There is another author that writes along a similar vein, Tasha Alexander. Her Lady Emily series is also filled with mystery, adventure and romance but instead of Egypt, Lady Emily is enraptured with Greco-Roman antiquities. The series begins with Lady Emily trying to find out more about her late husband. A marriage of convenience, Lady Emily knew little about her archaeologist husband. By the end of several hundred pages Lady Emily solves the mystery and truly falls in love with her husband.

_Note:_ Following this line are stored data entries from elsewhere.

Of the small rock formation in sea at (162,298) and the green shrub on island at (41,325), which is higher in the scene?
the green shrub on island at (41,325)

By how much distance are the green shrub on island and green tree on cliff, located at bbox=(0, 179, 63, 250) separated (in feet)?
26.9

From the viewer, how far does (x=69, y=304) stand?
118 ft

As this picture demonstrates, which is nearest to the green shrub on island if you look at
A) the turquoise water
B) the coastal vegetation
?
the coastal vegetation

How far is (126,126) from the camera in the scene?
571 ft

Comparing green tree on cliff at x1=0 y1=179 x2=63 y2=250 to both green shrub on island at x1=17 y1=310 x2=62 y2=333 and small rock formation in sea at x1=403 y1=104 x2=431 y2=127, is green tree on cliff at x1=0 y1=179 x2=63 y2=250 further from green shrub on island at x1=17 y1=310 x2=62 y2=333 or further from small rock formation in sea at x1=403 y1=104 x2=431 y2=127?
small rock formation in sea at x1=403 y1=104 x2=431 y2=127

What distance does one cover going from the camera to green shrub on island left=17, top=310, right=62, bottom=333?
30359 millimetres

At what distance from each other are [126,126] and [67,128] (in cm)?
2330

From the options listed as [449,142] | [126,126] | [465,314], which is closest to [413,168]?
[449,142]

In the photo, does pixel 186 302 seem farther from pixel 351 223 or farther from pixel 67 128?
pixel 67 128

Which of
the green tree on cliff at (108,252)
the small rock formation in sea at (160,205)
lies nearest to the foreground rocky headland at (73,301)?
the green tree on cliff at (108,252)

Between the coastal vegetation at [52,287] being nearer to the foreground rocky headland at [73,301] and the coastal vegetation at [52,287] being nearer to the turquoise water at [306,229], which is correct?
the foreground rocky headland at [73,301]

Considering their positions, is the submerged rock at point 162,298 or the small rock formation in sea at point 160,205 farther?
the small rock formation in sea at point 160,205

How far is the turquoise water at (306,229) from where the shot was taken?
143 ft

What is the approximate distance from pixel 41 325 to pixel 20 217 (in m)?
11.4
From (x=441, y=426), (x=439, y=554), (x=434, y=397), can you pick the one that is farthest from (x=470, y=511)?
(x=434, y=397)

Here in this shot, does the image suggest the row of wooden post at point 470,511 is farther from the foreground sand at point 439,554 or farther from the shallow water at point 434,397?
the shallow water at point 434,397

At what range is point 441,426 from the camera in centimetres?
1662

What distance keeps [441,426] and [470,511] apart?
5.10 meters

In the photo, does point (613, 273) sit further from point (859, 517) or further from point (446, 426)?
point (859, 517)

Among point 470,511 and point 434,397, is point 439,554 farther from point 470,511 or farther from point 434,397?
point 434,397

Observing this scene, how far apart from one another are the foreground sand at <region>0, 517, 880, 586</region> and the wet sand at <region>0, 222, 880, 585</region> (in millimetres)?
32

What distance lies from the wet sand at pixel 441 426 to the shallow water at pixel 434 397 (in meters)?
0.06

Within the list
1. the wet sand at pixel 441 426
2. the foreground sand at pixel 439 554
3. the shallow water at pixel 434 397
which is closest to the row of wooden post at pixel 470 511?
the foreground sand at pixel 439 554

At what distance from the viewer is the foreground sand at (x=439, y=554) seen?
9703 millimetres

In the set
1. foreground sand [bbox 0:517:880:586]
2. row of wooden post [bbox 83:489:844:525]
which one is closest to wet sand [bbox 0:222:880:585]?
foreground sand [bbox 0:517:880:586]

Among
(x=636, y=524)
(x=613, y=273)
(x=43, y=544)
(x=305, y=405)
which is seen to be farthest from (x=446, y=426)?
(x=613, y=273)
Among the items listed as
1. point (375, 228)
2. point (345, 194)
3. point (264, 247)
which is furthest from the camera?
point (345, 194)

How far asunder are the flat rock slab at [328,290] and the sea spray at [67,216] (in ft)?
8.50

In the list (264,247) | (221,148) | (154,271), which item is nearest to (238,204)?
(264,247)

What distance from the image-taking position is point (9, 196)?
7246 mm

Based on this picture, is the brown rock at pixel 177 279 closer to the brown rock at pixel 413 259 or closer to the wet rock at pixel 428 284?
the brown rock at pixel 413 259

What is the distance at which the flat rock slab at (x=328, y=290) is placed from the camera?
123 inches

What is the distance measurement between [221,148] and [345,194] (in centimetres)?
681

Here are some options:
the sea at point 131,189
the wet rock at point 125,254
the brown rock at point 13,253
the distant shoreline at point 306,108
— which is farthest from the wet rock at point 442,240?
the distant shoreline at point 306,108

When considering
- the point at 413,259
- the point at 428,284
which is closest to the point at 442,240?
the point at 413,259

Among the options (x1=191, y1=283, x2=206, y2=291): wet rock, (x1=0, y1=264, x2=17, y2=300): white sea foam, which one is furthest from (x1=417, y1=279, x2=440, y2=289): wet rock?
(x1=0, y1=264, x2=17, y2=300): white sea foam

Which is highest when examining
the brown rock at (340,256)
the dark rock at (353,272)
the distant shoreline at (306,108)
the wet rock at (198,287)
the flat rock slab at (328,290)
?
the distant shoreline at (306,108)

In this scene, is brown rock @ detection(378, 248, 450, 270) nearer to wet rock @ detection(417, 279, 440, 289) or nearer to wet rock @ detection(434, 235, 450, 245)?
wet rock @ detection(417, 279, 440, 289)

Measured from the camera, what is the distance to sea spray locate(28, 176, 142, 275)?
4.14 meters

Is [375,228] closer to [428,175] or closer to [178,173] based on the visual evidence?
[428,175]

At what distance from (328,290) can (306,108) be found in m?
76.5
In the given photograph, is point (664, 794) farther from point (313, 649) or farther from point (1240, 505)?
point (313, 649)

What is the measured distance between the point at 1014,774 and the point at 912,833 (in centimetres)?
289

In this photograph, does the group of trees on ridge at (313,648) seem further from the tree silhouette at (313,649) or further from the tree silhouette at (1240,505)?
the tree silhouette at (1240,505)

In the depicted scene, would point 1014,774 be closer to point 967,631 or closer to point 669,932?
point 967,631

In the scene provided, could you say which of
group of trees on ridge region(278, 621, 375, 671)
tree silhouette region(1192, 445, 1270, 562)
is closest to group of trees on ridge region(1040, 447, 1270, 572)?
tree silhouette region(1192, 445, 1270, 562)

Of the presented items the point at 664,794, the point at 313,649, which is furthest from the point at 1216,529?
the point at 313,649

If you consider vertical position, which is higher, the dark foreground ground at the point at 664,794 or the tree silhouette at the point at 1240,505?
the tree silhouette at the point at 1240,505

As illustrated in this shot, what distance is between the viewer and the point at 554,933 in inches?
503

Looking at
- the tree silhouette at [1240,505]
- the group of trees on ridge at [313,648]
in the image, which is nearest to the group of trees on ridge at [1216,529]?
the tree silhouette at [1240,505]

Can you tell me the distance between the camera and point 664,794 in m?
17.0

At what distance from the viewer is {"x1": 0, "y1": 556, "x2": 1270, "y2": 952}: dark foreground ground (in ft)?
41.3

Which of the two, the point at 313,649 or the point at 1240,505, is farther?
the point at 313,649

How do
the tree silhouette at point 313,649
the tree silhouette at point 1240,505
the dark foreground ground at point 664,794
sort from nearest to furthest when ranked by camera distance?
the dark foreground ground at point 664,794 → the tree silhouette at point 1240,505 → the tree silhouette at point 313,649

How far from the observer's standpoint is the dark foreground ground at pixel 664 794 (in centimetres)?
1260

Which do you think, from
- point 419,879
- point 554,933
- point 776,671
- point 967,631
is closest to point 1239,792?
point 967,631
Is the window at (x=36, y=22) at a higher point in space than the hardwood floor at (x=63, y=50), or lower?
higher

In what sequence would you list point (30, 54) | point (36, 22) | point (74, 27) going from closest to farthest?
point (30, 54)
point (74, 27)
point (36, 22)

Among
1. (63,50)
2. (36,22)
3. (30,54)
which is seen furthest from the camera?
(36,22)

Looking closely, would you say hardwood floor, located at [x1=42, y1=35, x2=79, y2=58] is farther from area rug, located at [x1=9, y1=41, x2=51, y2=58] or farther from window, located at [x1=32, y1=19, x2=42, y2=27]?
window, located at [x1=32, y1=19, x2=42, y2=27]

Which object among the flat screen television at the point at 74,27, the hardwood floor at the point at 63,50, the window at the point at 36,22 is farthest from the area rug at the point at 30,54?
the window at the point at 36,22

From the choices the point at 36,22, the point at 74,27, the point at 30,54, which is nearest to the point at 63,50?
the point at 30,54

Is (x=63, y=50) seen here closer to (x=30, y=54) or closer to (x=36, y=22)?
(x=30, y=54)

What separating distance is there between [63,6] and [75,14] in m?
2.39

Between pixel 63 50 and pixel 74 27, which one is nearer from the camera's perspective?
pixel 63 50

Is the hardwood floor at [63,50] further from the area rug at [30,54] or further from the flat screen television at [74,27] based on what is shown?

I'm excited that Tasha will be one of the speakers at this year's NJRW Put Your Heart in a Book Conference October 12-13.

I know some of you write about Egypt, Greece and Rome. Tell me about them. Better yet, send me your covers with a link and I'll post them here.

Sunday, July 8, 2012

Speaking to a Stone Wall


At the Romantic Times Convention last April I told my senior editor that I had learned a valuable lesson. When my book, Knight of Runes, was getting ready for release last November I asked her what I should do to promote it. She said write the next book. I thought she was crazy. This is my first book. No one knows who I am. Who will buy it if no one knows about it?
I read up on book promotion and marketing and as a result I did a three week blog tour. I tweeted. I Facebooked. I made swag to send to conferences. I did everything except write the next book. I watched as my colleague debut authors released their second and third book. I still hadn’t put pen to paper.
When I saw Angela in April my new story, a series of five books, was well underway. The beginning of June, Mine Forever , the first of the series was packed up and sent into m editor. It’s not a sure thing so I sit and wait to hear if they want to publish it. In the meantime, my now multi-published colleagues and critique partners encouraged me to start the next story. 
Where is the stone wall? I’m getting to it. 
I work with building my characters before I work through the plot. I admit I laid the ground work for the second story nicely in the first one so I had a head start. But speaking to my hero, Cameron, was like... speaking to a stone wall. He's handsome, outgoing, tall and blond. He's a throw-back to his family's Viking influence but no matter how much I spoke to him, how many questions I asked he didn't reveal very much. I love the strong silent type but wasn't getting the second book written. 
On a whim, I spoke to Lady Barbara, the heroine. She was much more communicative. In a matter of hours I had the goal, motivation and conflict right there in front of me.
My point is sometimes when you can’t get to the route of the issue, problem, action, etc. change your perspective or point of view. For me, the walls came tumbling down!
How to you get around problems? How do you take down those walls?

Sunday, July 1, 2012

72 Quotes About Writing


I took some time to catch up on blogs and email. I had tagged them to read later in the week when I had more time. One email was from Writer's Digest. This post had an article by Zachary Petit. It was a collection of quotes on writing. He said he uses these quotes to keep him motivated. I can see why.
 Here is Mr. Petit's full article. I'm certain you have some favorite quotes. What are they? What keeps you motivated?  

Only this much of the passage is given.